Ullah, who was stepping into a cable car on the Silk Road on his way back to Shingliballa, does not pack a firearm. But, it appears that he has plenty of wild-eyed Pashtun rebels in the hills ready to move when he calls.

The leader of the pack

The blockade's young organizer - who was, himself, present as government negotiators persuaded the rebels to pull back their siege of the highway - warned that blockades and seizures could quickly spill over into other areas, should the government continue with its backing for Washington's attacks.

Despite agreeing to a temporary respite from their siege yesterday, rebels up the road in the small village of Shingliballa are clearly throwing the gauntlet down at the president's feet.

"If the government does not accept our demand that he end all support for the US bombing of our brothers in Afghanistan, our boys will close down the road once and for all," says the elderly Mullah Mohammad Akhbar, the religious and political chief here.
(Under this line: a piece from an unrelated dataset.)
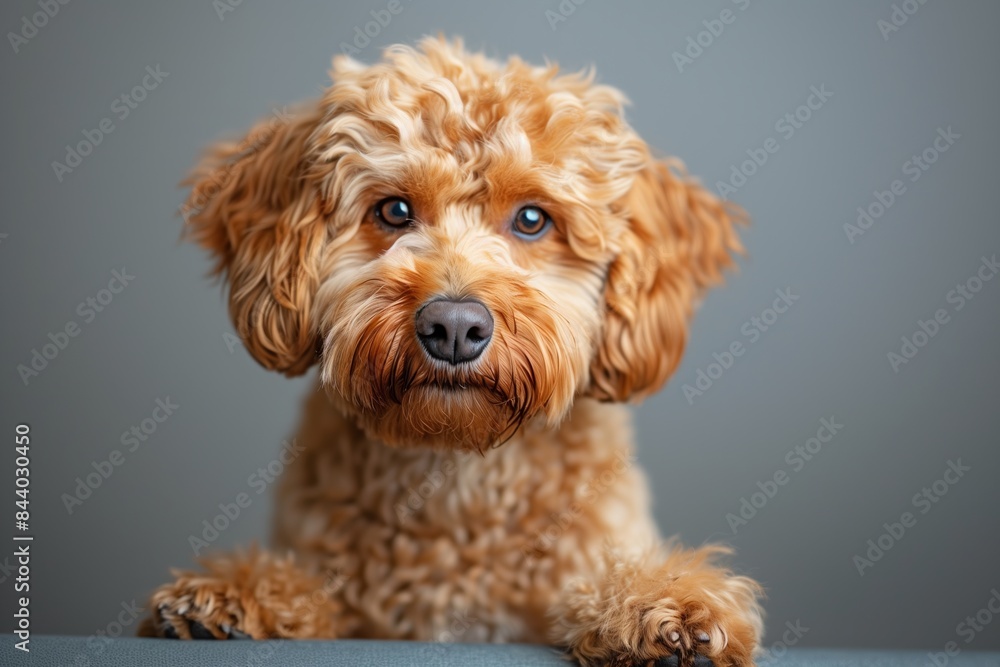 Friendly Golden Doodle Dog with Curly Fur on Plain Background Friendly Golden Doodle Dog with Curly Fur on Plain Background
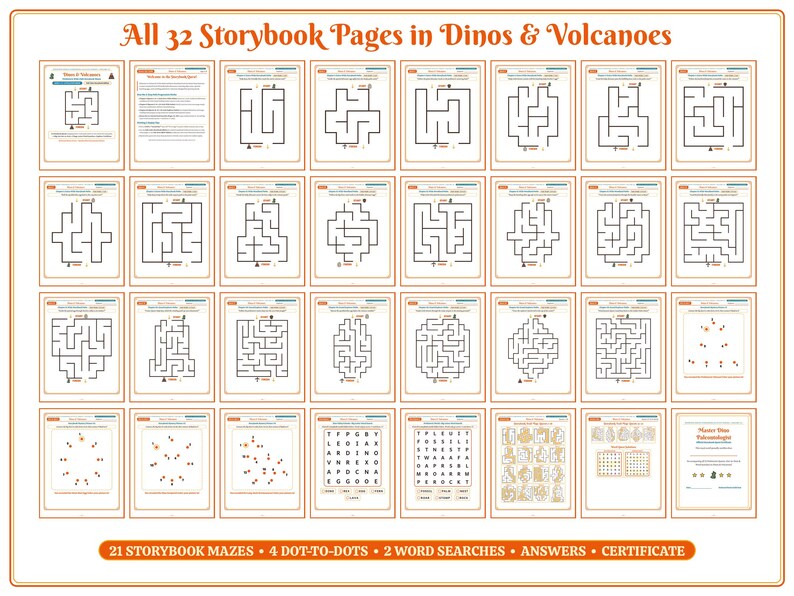 May include: A collection of 32 printable activity pages titled All 32 Storybook Pages in Dinos & Volcanoes, featuring 21 black and white mazes, 4 dot-to-dot puzzles, 2 word searches, answer keys, and a certificate on a white background.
Analysts in Lahore and Islamabad are warning that road blockades, which have also included the seizure of a remote airstrip adjacent to the Silk Road in the town of Chilas, are the start of a broader campaign by the Council for the Defence of Afghanistan to try to destabilize the entire country. The Council is controlled by two senior religious clerics, Maulana Sami ul Haq and Maulana Fazlur Rehman, who had been placed under house arrest at the outset of the US strikes on Afghanistan.
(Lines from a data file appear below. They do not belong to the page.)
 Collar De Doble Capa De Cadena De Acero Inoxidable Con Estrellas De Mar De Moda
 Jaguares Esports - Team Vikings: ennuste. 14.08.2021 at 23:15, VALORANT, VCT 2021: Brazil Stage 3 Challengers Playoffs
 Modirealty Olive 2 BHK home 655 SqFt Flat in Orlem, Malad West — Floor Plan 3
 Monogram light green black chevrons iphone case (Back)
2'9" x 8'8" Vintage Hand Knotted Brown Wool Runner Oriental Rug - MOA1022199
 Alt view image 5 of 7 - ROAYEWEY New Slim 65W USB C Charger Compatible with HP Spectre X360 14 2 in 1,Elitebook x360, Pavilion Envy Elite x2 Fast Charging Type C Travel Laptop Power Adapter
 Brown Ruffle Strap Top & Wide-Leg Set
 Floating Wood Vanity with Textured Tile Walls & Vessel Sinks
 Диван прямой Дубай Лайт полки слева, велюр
The Shingliballa rebels, like other bands farther north of here, are a motley assortment of former Afghan mujahideen and Kashmir militants. Most are Pashtun peasants aggrieved by the deaths of their fellow tribesmen across the border in western Afghanistan.
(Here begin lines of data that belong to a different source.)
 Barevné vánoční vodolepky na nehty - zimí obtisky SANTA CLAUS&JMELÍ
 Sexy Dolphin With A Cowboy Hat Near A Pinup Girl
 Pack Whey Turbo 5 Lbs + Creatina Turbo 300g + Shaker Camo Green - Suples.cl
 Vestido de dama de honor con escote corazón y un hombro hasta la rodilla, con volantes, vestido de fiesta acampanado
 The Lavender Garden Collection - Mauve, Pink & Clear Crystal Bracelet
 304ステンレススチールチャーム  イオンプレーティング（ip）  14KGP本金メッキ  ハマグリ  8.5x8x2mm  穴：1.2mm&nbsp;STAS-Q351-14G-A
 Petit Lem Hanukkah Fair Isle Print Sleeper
Tens of thousands of impoverished Pashtuns from Afghanistan live in thin tents in the Himalayan highlands, subsisting on government handouts or nothing at all.

Crowds of Pakistani Pashtuns from across the nearby mountains gather daily in the valley beneath Shingliballa to trade rumors about what Musharraf's next move would be.

Abdul Rehman, who also claims to be an organizer of the roadblocks says, "We are taking control of northern Pakistan because the American government is slaughtering our fellow Muslims. They blame the Sept. 11 attacks on Osama, but we know it was a Jewish conspiracy."

Mr. Rehman pointed to the steep Himalayan hillsides in all four directions: "We have 4,000 fighters ready to defend this highway. We are demanding that the attacks on Afghanistan end, that Pakistan stop supporting them, that Musharraf release our leaders, and that Pakistan become a country guided by Sharia [Islamic law.]